Optimism & Pessimism ~ About Africa in Particular

At The Guardian yesterday Jonathan Jones published this provocative post on South African photographer Guy Tillim. Jones seems to start off contentiously:
"You won't often hear me call a photographer a genius. I think there's too much homage paid to an art that's basically just holding up a piece of machinery and pushing a button.

There are great photographs and great photographers. But far too much fuss is made now of average photographs by average artists. It's not so much a cult of the camera as of the run-of-the-mill."
But notice that, having denied the appellation"genius" to anyone engaged in so mechanical a process as "pushing a button," he then more or less immediately takes it back. The alternative would be to appear just plain silly and, of course, to deprive himself of a subject - namely Tillim. The problem is not with photography but with the art world and those who inhabit it as, regardless of medium, tends to push the mediocre work of "artists" in the cause of making a buck.

O.K., let's not use the word "genius." How about talented, insightful, or whatever. Tillim is indeed a terrific photographer. The portraits to which Jones links are pretty ominous. And here Jones really raises some important issues. There has been a push recently to decry "Afro-Pessimism" [1] [2] and how it informs the conventions that frame too much of how photographers depict events and conditions on vast, variegated African continent. It seems fair enough to complain that we too often get predictable images of tragedy, violence, deprivation, and chaos and little more. But it also seems fair to insist that there is too much of such such things across Africa and, as Jones intimates, ignoring them does not make them go away.
"Tillim is a South African photographer whose work is at once a report on contemporary Africa and an artistic image of it. His pictures deliver the shock of classic photojournalism as he traverses the continent, visiting crisis zones such as the Democratic Republic of Congo or, on his home ground, downtown Jo'burg. But they are at the same time chosen and composed images. Tillim photographs Africa in a way that communicates ambivalent and disturbing ideas and perceptions; every one of his pictures is at the same time a record of something seen and something he seems to have thought about for a long time.

Tillim is a provocative artist. At a time when art museums in the rich world often seem to want to create a fictionalised modern Africa – as if by celebrating something that does not exist it can be brought into being – he portrays a continent in chaos. His portraits of child soldiers are particularly scary. In his recent body of work, Avenue Patrice Lumumba, he documents buildings whose modernist idealism dates from the early years of African independence. Today these buildings are in various states of decay and transformation. It is not an optimistic series.

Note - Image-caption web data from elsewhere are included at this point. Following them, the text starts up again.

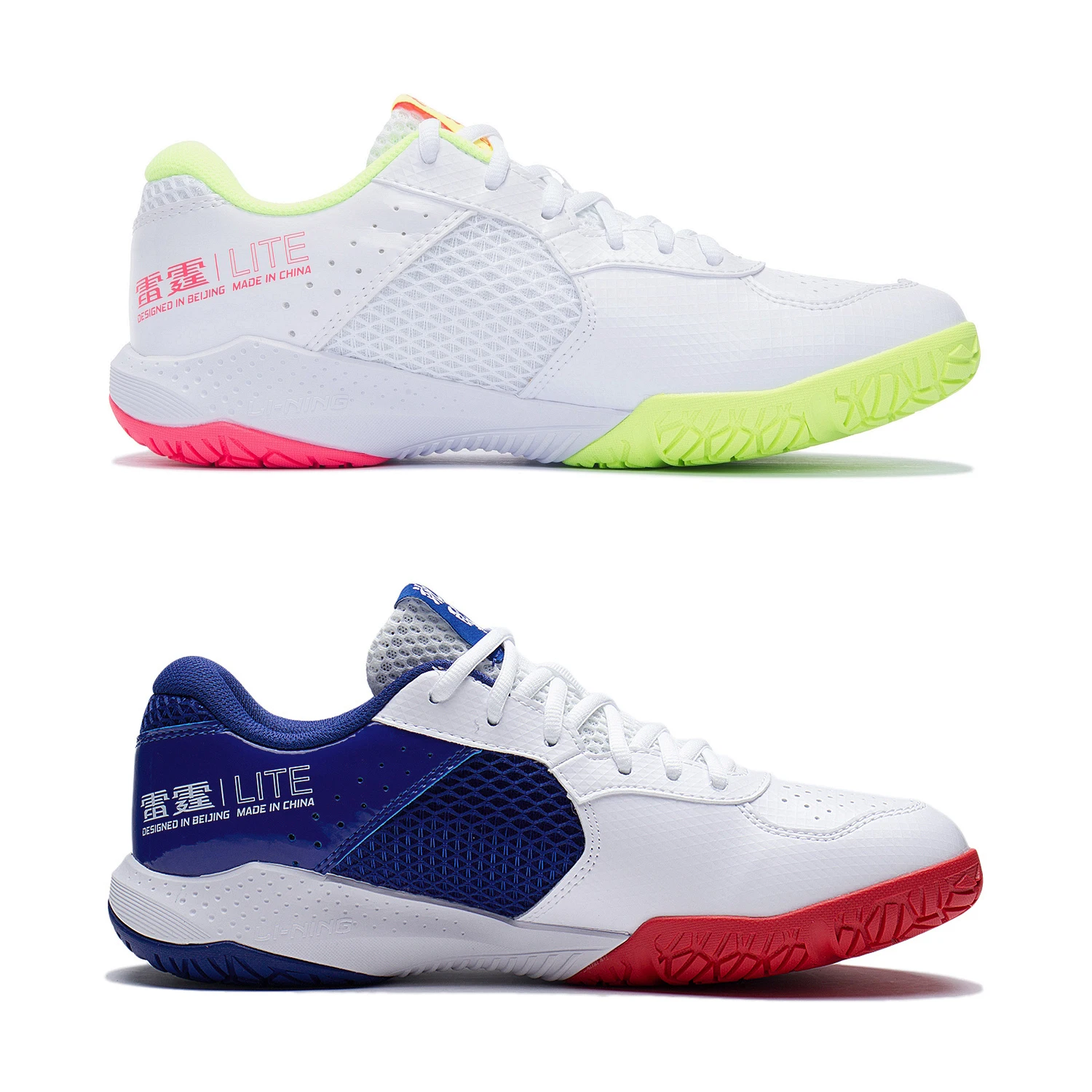 Li-Ning Men Badminton Shoes Training Sneakers Breathable Wearable Comfort LiNing Fitness Cushion Anti-Slip Sport Shoes AYTS020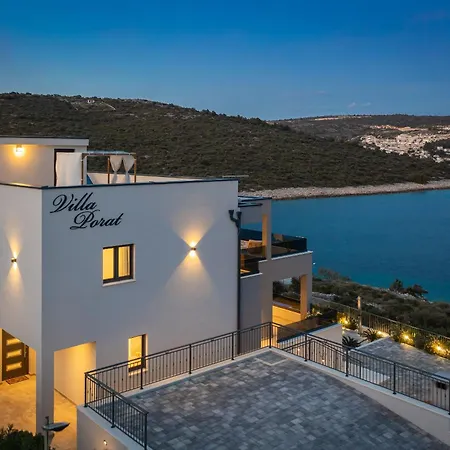 Luxury Seaside Porat With Pool, Sauna And Sea View In Kanica - *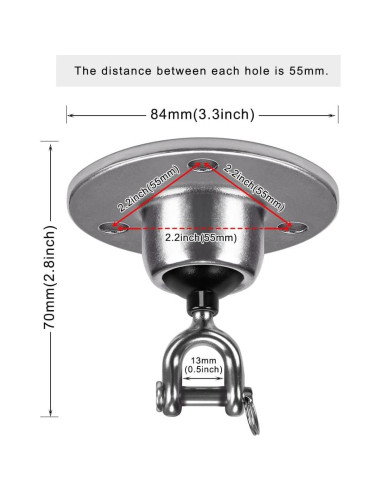 Giratorio de Acero Inoxidable BeneLabel para Saco de Boxeo 360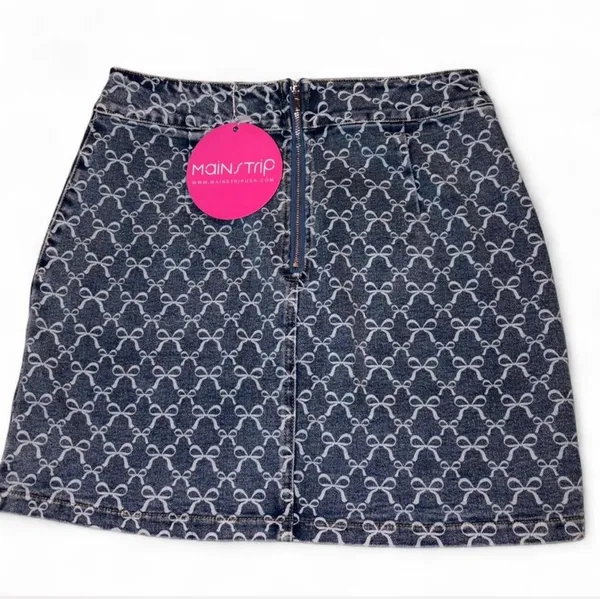Denim Miniskirt Blue - Image 4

But I don't think Tillim is a dubious gloater over misery and poverty. He is a truth-teller. And it's in telling the truth - directly or indirectly, prosaically or poetically - that photography discovers its artistic power."
The most obvious problem in this discussion, I think, is that it is cast in dichotomous terms ~ optimism or pessimism. I don't think this dichotomy captures Tillim's work. Nor does it capture the work of other terrific African photographers such as David Goldblatt, Andrew Esiebo, Phillip Cartland, Santu Mofokeng or others whom I've commented on here in the past. Nor does it capture the work of non-African photographers who have depicted the continent ~ James Nachtwey, Robert Lyons, Sebastiao Slagado, Ron Haviv and so on. Even when such photographers depict tragedy, violence, deprivation, and chaos, they hardly do so because they think such conditions are irremediable. If they did they would be either wasting their time, or playing the role of voyeur in which critics like Sontag notoriously cast them. If the latter interpretation (or some variation on it) were not so common, it would be too obviously shallow to merit a response.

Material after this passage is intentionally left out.